WHAT YOU SHOULD DO.
Beginning at the line containing "Stupell Industries Lettered" in the material below and ending at the line containing "Waschtisch Set 100", return each line exactly and add nothing.

GIVEN INFORMATION.
---

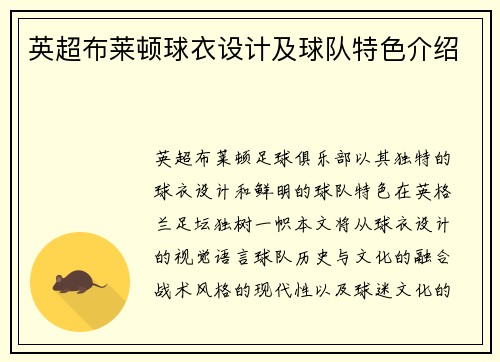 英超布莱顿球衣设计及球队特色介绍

---

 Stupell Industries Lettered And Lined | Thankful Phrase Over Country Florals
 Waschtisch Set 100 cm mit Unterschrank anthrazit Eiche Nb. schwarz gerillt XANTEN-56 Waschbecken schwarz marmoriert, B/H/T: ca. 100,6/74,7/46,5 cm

---

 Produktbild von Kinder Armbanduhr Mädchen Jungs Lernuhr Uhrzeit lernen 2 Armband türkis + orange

---

ANSWER TO THIS EXERCISE.
 Stupell Industries Lettered And Lined | Thankful Phrase Over Country Florals
 Waschtisch Set 100 cm mit Unterschrank anthrazit Eiche Nb. schwarz gerillt XANTEN-56 Waschbecken schwarz marmoriert, B/H/T: ca. 100,6/74,7/46,5 cm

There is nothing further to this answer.